Does your entire team pitch in on social media?

It’s evolved to that point, though they’re certainly not required to.

Because social media is what we’ve built our marketing platform on and because we’ve reduced our traditional advertising dollars, we use social media for a variety of activities. We also have a strong social media policy so employees understand the limits if they’re going to participate. As a result we’ve had this really organic increase in usage of social media from our team. That allows us to amplify our messaging even more than if it was just the bank providing the messaging. The individual has greater credibility than the organization tweeting something out.

“The individual has greater credibility than the organization tweeting something out.”

We also run social media campaigns. For instance, I’ll give our team members a gift certificate to use at a particular business on a certain day. We wear our Citizens Bank T-shirts, and the only requirement to participate is a willingness to take a picture wherever you use your gift certificate. These campaigns have dramatically increased the amount of social media usage and the reach of the brand itself.

We also exclusively promote our customer appreciation days via social media. We hold a monthly event March through October to celebrate, and our staff are just wonderful at lifting those events up. We’d typically expect just a couple hundred people to come to an appreciation day event at the bank in the past.
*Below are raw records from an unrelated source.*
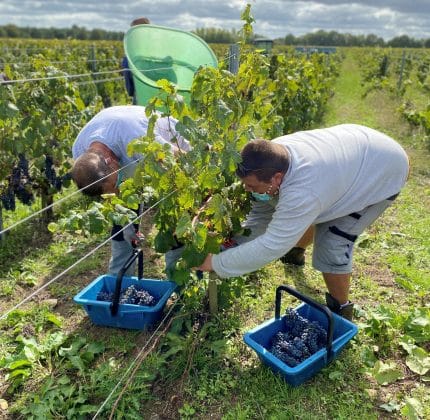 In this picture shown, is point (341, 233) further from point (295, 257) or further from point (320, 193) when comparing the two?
point (295, 257)

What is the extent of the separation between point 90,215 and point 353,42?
95.2m

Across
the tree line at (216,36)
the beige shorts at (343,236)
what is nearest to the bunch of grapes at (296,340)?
the beige shorts at (343,236)

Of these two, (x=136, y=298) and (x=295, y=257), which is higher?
(x=136, y=298)

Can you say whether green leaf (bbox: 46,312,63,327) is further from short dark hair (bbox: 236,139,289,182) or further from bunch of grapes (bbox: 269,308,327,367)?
short dark hair (bbox: 236,139,289,182)

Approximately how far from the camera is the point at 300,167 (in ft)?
7.93

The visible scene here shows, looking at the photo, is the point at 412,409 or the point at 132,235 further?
the point at 132,235

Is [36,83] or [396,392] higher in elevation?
[36,83]

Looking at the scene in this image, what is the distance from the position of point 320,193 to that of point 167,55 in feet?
10.6

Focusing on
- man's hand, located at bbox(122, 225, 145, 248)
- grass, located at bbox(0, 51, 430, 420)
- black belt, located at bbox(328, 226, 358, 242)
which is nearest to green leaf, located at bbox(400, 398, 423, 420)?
grass, located at bbox(0, 51, 430, 420)

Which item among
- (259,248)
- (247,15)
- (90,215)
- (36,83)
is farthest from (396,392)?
(36,83)

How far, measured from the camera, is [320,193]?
2.41 meters

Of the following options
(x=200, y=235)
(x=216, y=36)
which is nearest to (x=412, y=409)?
(x=200, y=235)

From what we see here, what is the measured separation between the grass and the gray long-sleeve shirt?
629 millimetres

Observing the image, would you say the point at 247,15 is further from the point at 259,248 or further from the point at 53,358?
the point at 53,358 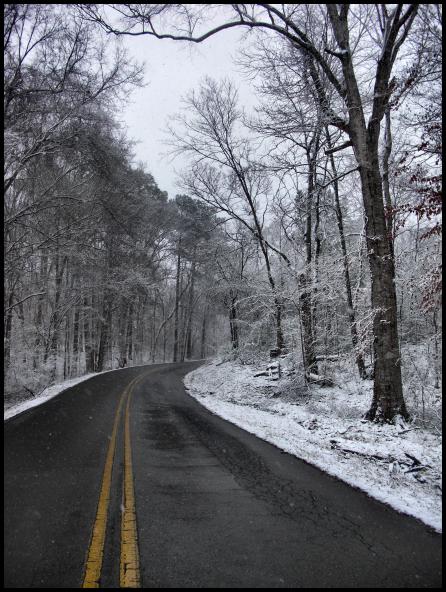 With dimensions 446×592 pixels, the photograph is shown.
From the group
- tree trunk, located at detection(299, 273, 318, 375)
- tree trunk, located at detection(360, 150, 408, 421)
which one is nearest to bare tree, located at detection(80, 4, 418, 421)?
tree trunk, located at detection(360, 150, 408, 421)

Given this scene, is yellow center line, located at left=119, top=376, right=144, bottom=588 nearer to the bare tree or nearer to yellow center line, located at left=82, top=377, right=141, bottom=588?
yellow center line, located at left=82, top=377, right=141, bottom=588

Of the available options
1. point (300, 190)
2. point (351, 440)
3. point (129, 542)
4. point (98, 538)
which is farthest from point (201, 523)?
point (300, 190)

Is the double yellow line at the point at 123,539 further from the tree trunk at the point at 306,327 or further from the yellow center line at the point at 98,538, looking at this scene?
the tree trunk at the point at 306,327

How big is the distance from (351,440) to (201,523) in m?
4.67

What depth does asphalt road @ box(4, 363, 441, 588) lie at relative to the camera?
340 cm

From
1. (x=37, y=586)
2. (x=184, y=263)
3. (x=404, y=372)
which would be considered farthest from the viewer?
(x=184, y=263)

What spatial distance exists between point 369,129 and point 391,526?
28.4 feet

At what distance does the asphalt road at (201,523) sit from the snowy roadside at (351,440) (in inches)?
15.7

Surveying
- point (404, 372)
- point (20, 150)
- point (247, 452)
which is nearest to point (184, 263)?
point (20, 150)

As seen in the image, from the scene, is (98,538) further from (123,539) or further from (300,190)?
(300,190)

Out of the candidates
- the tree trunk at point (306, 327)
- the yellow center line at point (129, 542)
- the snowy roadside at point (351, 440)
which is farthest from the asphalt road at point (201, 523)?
the tree trunk at point (306, 327)

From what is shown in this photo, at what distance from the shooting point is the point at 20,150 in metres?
13.8

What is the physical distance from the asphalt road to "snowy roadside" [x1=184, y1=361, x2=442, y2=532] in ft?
1.31

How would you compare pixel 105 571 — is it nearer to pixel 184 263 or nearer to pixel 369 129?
pixel 369 129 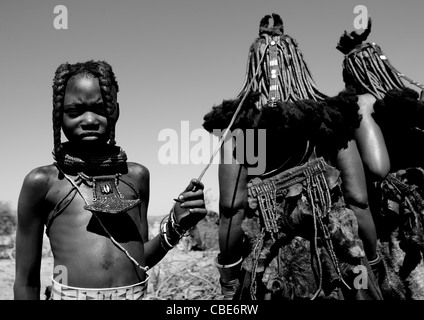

Instead, we have over 20,000 attendees at ours, and they buy their own food. So you can really see how social media works.

20,000 attendees?

Yes, and we hold it 8x a year so it’s not just a one time event.

That’s amazing.

We have three dozen food trucks, and we provide three local bands as well as the venue. It is an investment for our bank but we’ve gotten so much back in return, it’s amazing. For our bank celebration to draw that kind of crowd, build credibility, be a community builder, it drives that message home.

I like the idea of figuring out ways that online presence can complement physical presence.

We’re firm believers in that. It’s a multilayered program to get the earned media, to get the in-person interaction. Social media is not about putting a message out there and leaving it. It’s a conversation. If you interacted with someone face to face to help them build their business, you wouldn’t just leave and not follow up. You’d want to schedule a lunch. Social media is the same way. It opens a door. It’s a conversation, that’s what social media is.

How does social media fit in with the central mission of Citizens Bank?

Citizens Bank started 115 years ago. It’s locally owned, and it’s right in the heart and center of downtown Edmond. It’s the bank that loves you back, it’s the bank you grew up with, it’s your grandparents’ bank from when you were a little kid. It’s that very nostalgic experience.

But it’s also very forward thinking. In 2013 we sold all our branch locations except for our headquarters and decided to really focus on being progressive from a technological standpoint. We developed our own interactive teller at the ATM, and we now sell that technology to others.

So for us, social media is about relevancy and the accessibility that you expect from your hometown community bank. It’s a tangible way that our community can see we’re living up to be the community bank you used to think about. That’s what social media allows us to achieve.

As the president and CEO, I’m frequently jumping on Twitter to see if there are any complaints about our bank. One time I did it on a Sunday afternoon and someone had tweeted that they were upset with Citizens Bank because they couldn’t find the banking app. There are many Citizens Banks, so I first drilled down and found they were tweeting from Edmonds, Oklahoma. I then reached out to them over social media and wrote that I would like to talk to them further. They responded that they couldn’t download the app on the iPad, so I was able to respond that they needed to look in the iPhone store and not the iPad store to find it. That one interaction resulted in about 40 additional interactions around the nation, and people thought this is the most amazing example of customer service.

That just showcases that when we say there’s a difference with a community bank providing great customer service, social media allows us to do it even better.